Simple parameter setting, easy installation on site

“ifm’s field-compatible IO-Link masters considerably reduced the wiring complexity,” says Aymar de Lichtervelde. Another advantage of the technology is that the parameters of the individual sensors can be saved on the respective master. When replacing a defective sensor with an identical model, the parameters are automatically transferred to the new device. “This is extremely valuable to us, as the replacement on site can then be carried out quickly and easily. And even by non-technicians.”

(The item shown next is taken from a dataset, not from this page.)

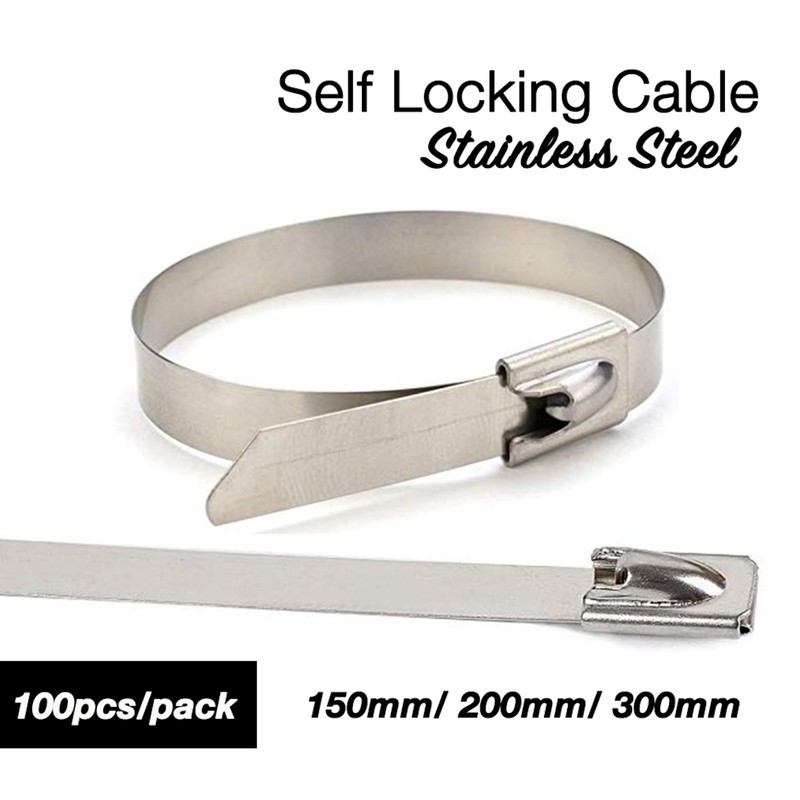 100pcs Stainless Steel Self Locking Cable Zip Ties Wrap Tie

The Princess Elisabeth Antarctica is only available to researchers for four months of the year. This precious time makes it all the more crucial for systems to run reliably. “Therefore, we built the complete new plant in Belgium beforehand and tested it intensively. Everything was then disassembled into smaller components for shipping. Here too, the IO-Link principle served us well, as the standardised M12 connectors meant that the rewiring on site was carried out without errors and in a short time.”

SM flow meter: made for confined spaces

The new plant, consisting of two redundant systems, has been fitted with SM flow meters from the automation specialist ifm. In addition to the current flow rate, these also detect the total flow rate and the temperature of the medium. All values are clearly shown on the display. If desired, a red/green colour change indicates whether the values are inside or outside the target range. The optimised measuring pipe ensures a lower pressure loss so that the pump output can be reduced. Neither an inlet nor an outlet pipe is required. This is a huge advantage, especially in confined spaces. Other sensors, including valve sensors and level sensors, provide further important information on the current status of water treatment.

Condition monitoring of the plant also via remote access

Information relevant to the controller and for continuous condition monitoring i.e. all measured values are also transmitted to the IT level – along with additional diagnostic data that provides information about the current status of each individual IO-Link sensor. “This not only simplifies maintenance when at the station, but also allows us to remotely monitor plant conditions during the Antarctic winter months – and prepare it for use during the next research season.”

ifm’s field-compatible IO-Link masters considerably reduced the wiring complexity. This is extremely valuable to us, as the replacement on site can then be carried out quickly and easily.

Aymar de Lichtervelde Engineer responsible for the project

About IPF

Founded in 2002 by a Belgian scientist and a polar researcher, the International Polar Foundation, based in Brussels, represents a new kind of link between science and society. The foundation seeks to promote the role of science and research in the polar regions by re-examining the interconnectedness of our planet, its fragility, the impact of human activity on the environment and the evolution of millennial climate cycles.